- 5 years ago
So my FI and I have always wanted a DW. We decided Thanksgiving 2013 so that no one would have to use vacation days, they could come after Thanksgiving if they didn’t want to miss the holiday and still make it in time for our wedding. Plus, my friends are teachers and family still in school.
I have not officially booked anything nor have I officially announced who my BMs would be. However, I did run the dates by the girls I did want in my wedding b/c obviously it would be most important for them to be able to make it. I received mixed reactions. One girl was ecstatic to have an excuse to be somewhere tropical and warm on Thanksgiving, another said she didn’t care b/c she never did anything on Thanksgiving, another said she thought “tearing people away from their families on Thanksgiving” would be hard (she’s having her wedding on July 4th, so I don’t see how one holiday is that much different from the other, it’s not Christmas we’re talking about!).
Finally, one girl said her BF of 6 months always goes home for Thanksgiving and Christmas. He refuses to miss Thanksgiving or fly home and then fly somewhere tropical. This isn’t an issue about budget, he makes a very good income and it’s not about the money. It’s just that he doesn’t want to.
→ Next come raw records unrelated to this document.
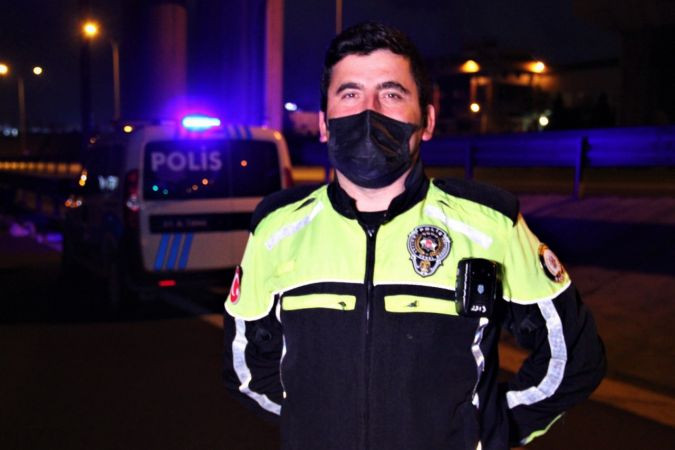 Polis, iftar saatinde yaptığı bu hareketiyle yürekleri ısıttı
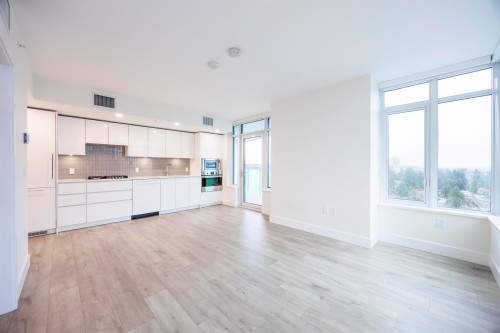 1204-10428 Whalley Boulevard, Surrey, BC 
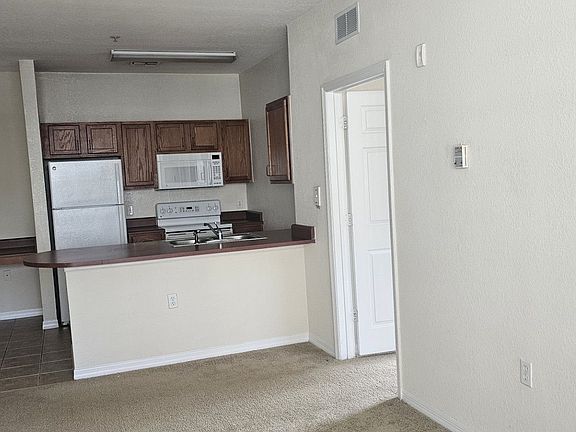 4th image of 8103 Lillies Way APT 203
I don’t really care for him to be there, but her response to me was that she wouldn’t come if he didn’t come because she “didn’t want to be all alone” on MY most romantic weekend.
I have since decided she is NOT going to be a BM at all. That kind of thought is so selfish. I just know that in her shoes, I would tell my FI that we will fly home and then on that Fri or Sat fly to whatever island it is and stay there for a full week and make it our vacation and suck it up because it’s her wedding and she’s my friend.
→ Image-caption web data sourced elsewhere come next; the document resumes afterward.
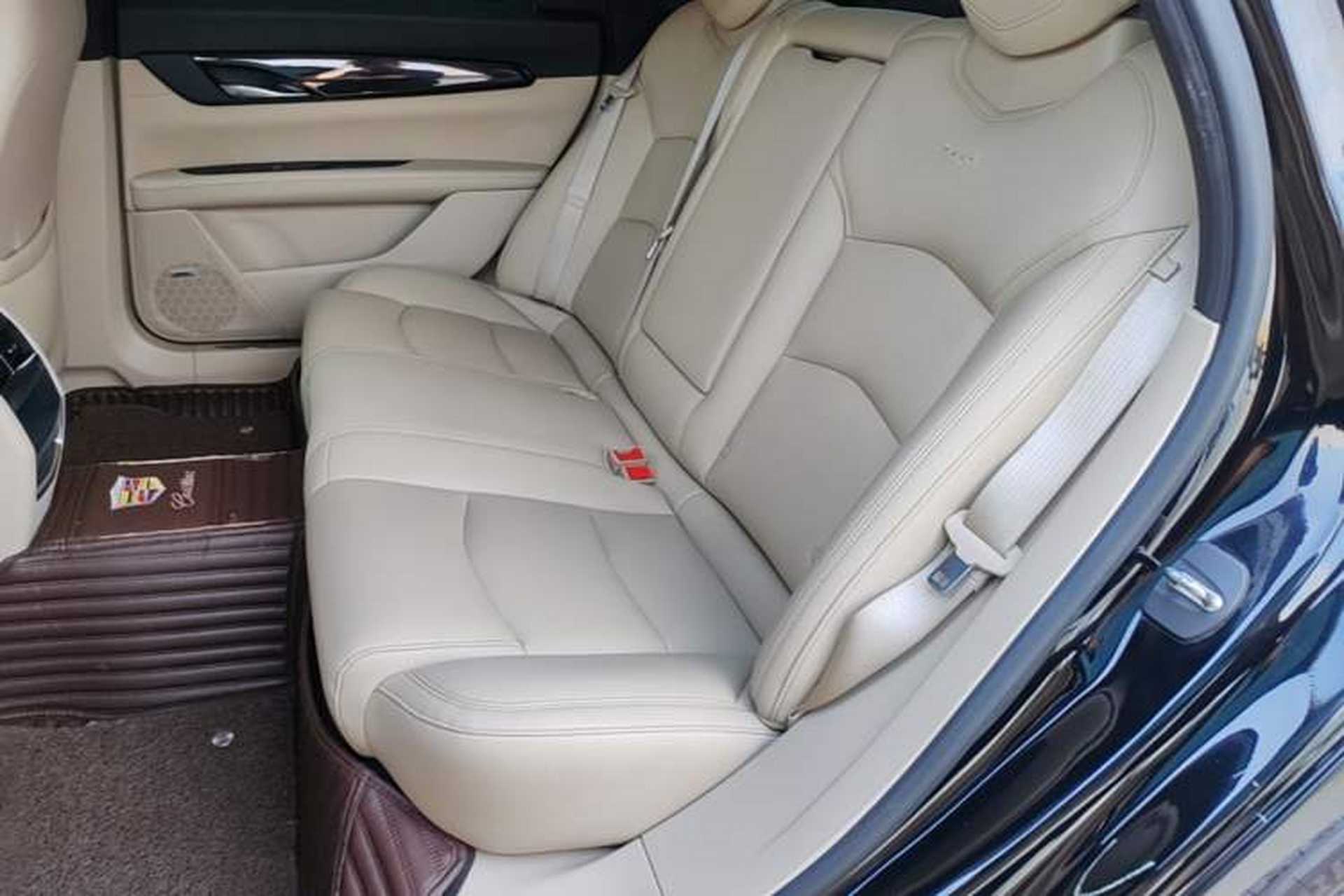 Used Cadillac CT6 2017 28T Fashion Edition Left Rear Seat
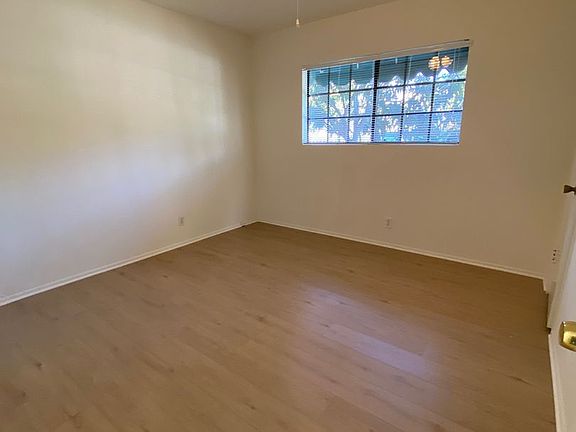 4th image of 11820 Chandler Blvd #1B-1Ba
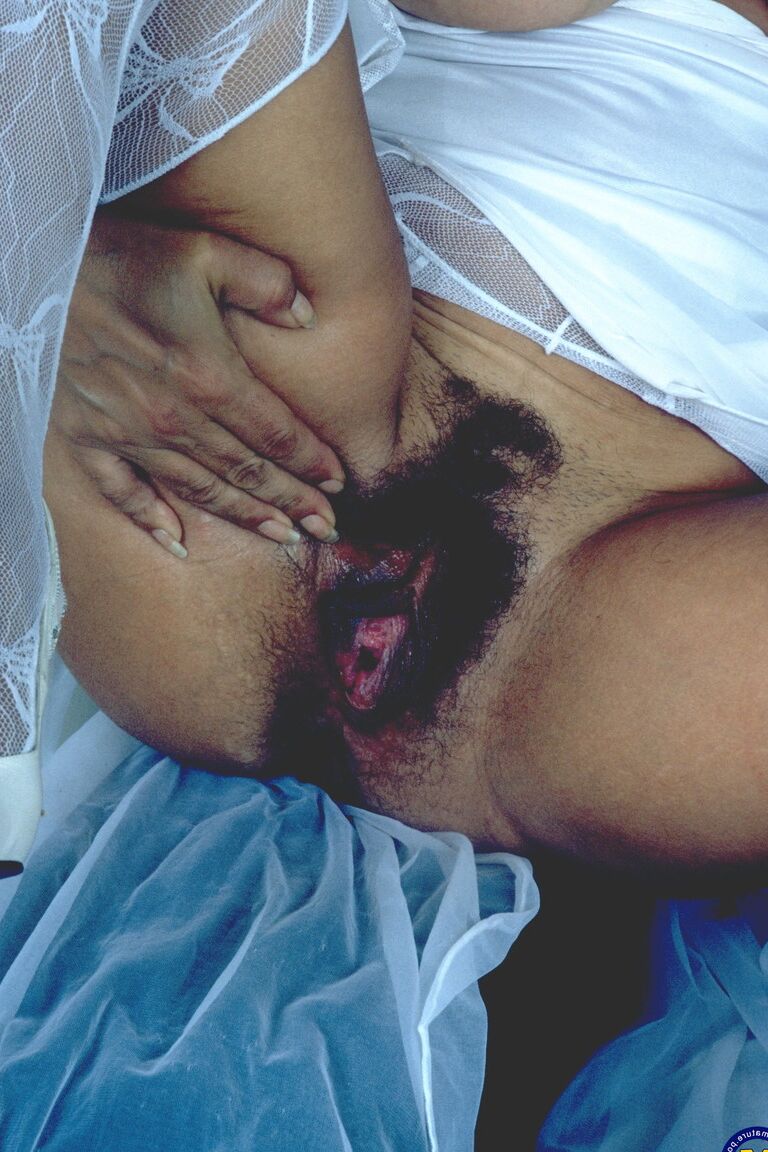 21P La madura amateur Lois acaricia sus grandes tetas y hace alarde de su coño peludo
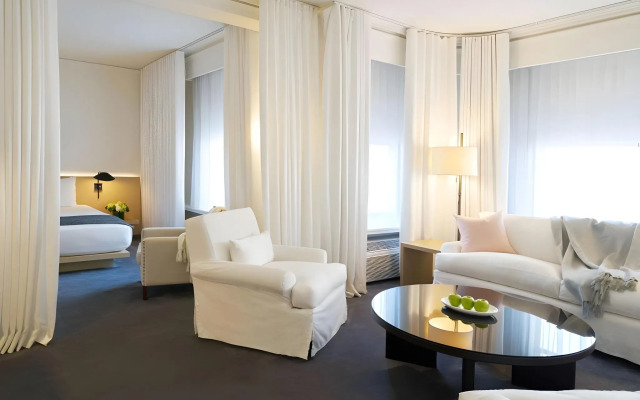 The Chicago Hotel Collection Ambassador Gold Coast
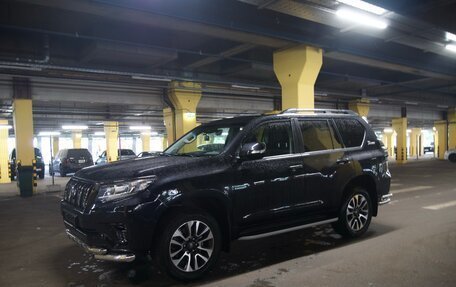 Toyota Land Cruiser Prado 150 рестайлинг 2, 2022 год, 10 499 000 рублей, 3 фотография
But, I’m reconsidering the whole friendship. I feel like that is some VERY selfish thinking. I would be more than happy for her to bring a friend of hers, even though I want an intimate and private affair.
Buttttt… since then, my FI and I have reconsidered Thanksgiving weekend and DW – we are thinking Columbus Day weekend instead and something in the states. So, the point is kind of moot, but the words she said were still there.
And yes, I absolutely do hate her BF b/c I thought he was selfish to begin with, but now it’s confirmed. My FI who has one annual family reunion on Thanksgiving and does NOT see his family again on Christmas would forego that one family reunion if my friend’s wedding was so important to me. Which also makes me wonder if maybe she didn’t stress to him how important it was for them to go??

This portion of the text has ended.